INTERVIEW CONTEMPORARY ART CURATOR MAGAZINE 2021

Q&A

What first prompted you to think of becoming an artist?


I can’t think of a time in my life that was void of a need to creatively express myself. I was always designing, writing for the newspaper, painting, etc. It was my greatest source of joy to be in a flow state of expressing my ideas in different forms. Growing up in the Soviet Union, however, being an artist was associated with high uncertainty and made me discount this as a career path. I never stopped thinking creatively and cultivating images of art that I wanted to create. However, it wasn't until I had fully explored what a conventional career meant - or lacked for that matter - that I came to understand how much I longed to reconnect with that part of myself, and once I did approximately ten years ago, I felt that I became a whole person.

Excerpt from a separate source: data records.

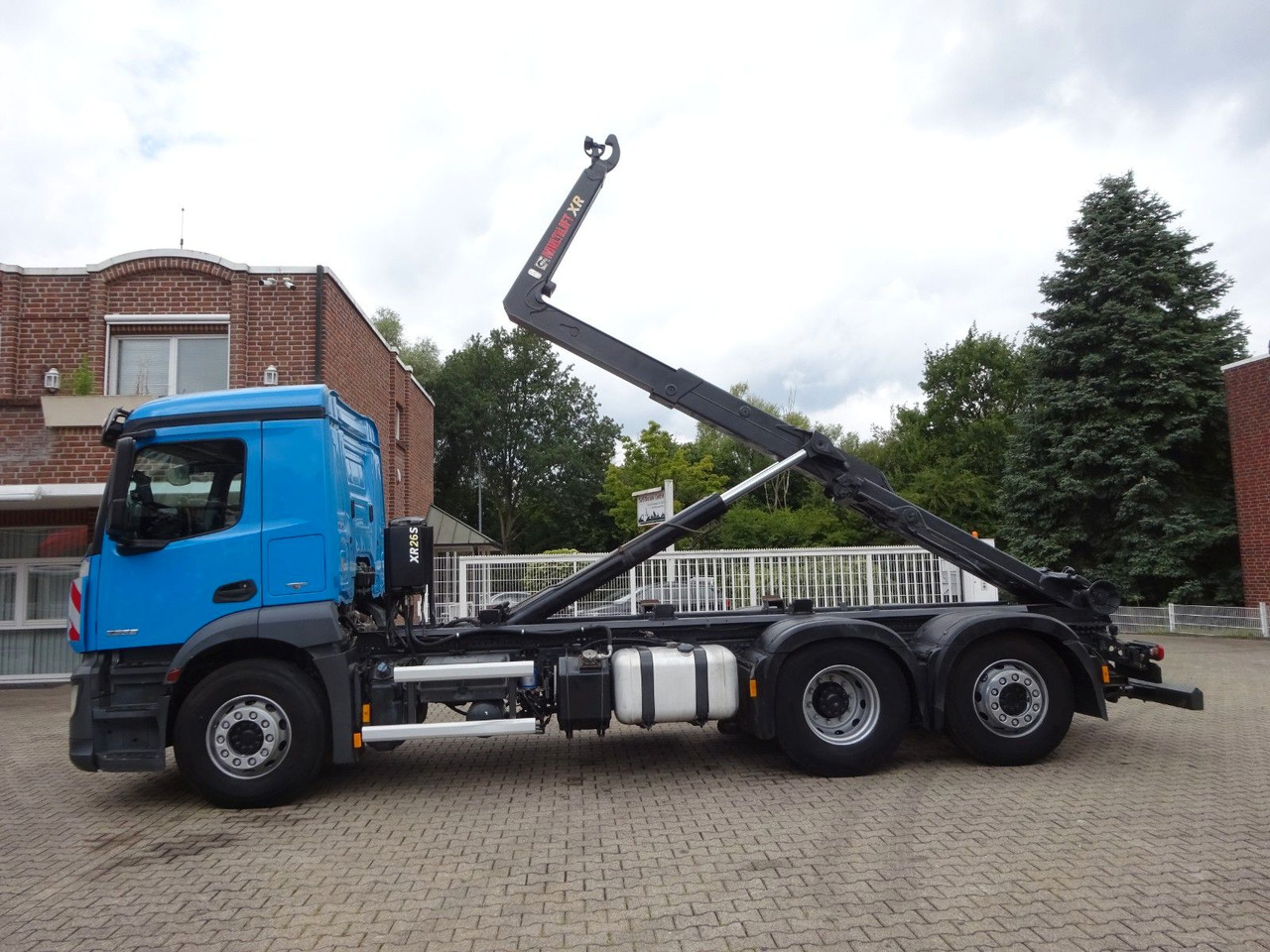 Mercedes-Benz 2533 Antos MULTILIFT Abroller 6x2 - Hook lift: gambar 2 Mercedes-Benz 2533 Antos MULTILIFT Abroller 6x2 - Hook lift: gambar 2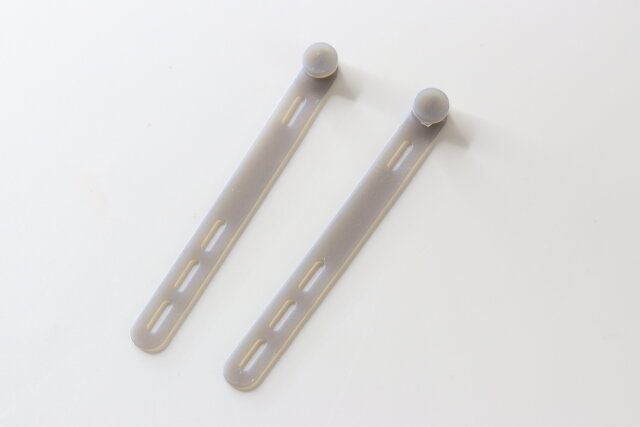 セリアの2本入りRE‐98 連結できるケーブルタイ 半透明 2P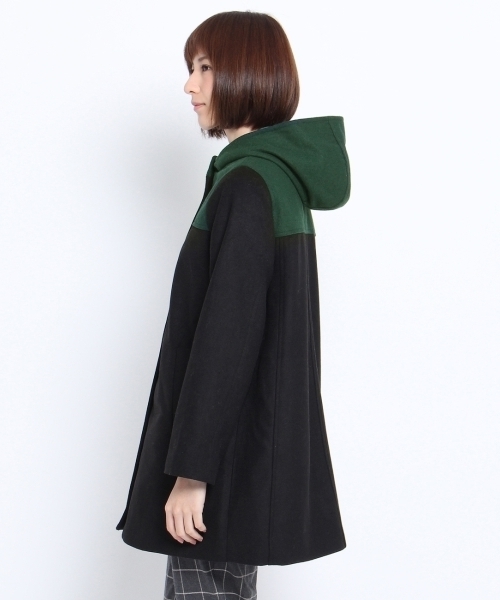 THE EMPORIUM（ジエンポリアム）の「バイカラーフーデッドコート（その他アウター・レディース・ブラック/ブルー・38/40）」の4枚目の写真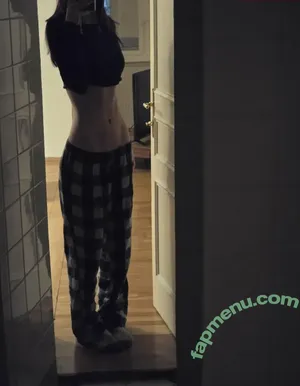 weeniestwee / deetofficial nude photo #0107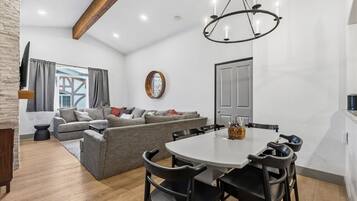 Villa, 2 Bedrooms | Interior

What kind of an artist do you ultimately see yourself?


I  think of myself as a translator of culture and ideas but with enough ambiguity in my expression to leave room for interpretation. For me personally, I appreciate that whatever meaning you derive from art is ultimately a projection of your inner self, your dreams, desires and fears. 
Delacroix said that a good piece of art can say more than any text, and I think that's very true. Kandinsky compared art to language with a deep interconnection between the heart, mind and soul. 
I chose painting over writing as my form of expression, because art captures more nuances and emotions than words can. I am also impatient and crave fast results, and painting is the only medium where my ideas find their expression at the same speed as they appear in my mind. They are most often based on things I read, culture, literature, current and past history, and my canvases are large because I need space for every nuance of what I'm trying to convey.


What are you hoping to communicate to the viewer through your work?


I first and foremost want to communicate depth, complexity and nuance. I can't control what kind of meaning a person extracts from my art, and a painting can mean many things to different people. What I hope to convey consistently though, is a specific and vast array of emotion.
I've been rebelling against perfection since a very young age, and insisting on making colour combinations my main form of expression over figurative images or geometric shapes removes the need for the viewer to make an association to any object in the real world. Pursuing a depiction of anything I've seen acts as a blocker of my subconscious, and my process is therefore a constant attempt at freeing myself from such constraints. 
My paintings do not depict things which I observe, but rather emotional moments I recall from the past, and even more so, what I wish to see. My art depicts the world as I want to see it, not as it is. I think that is the ultimate value in art, that it offers us a richer and more beautiful reality than the one we live in.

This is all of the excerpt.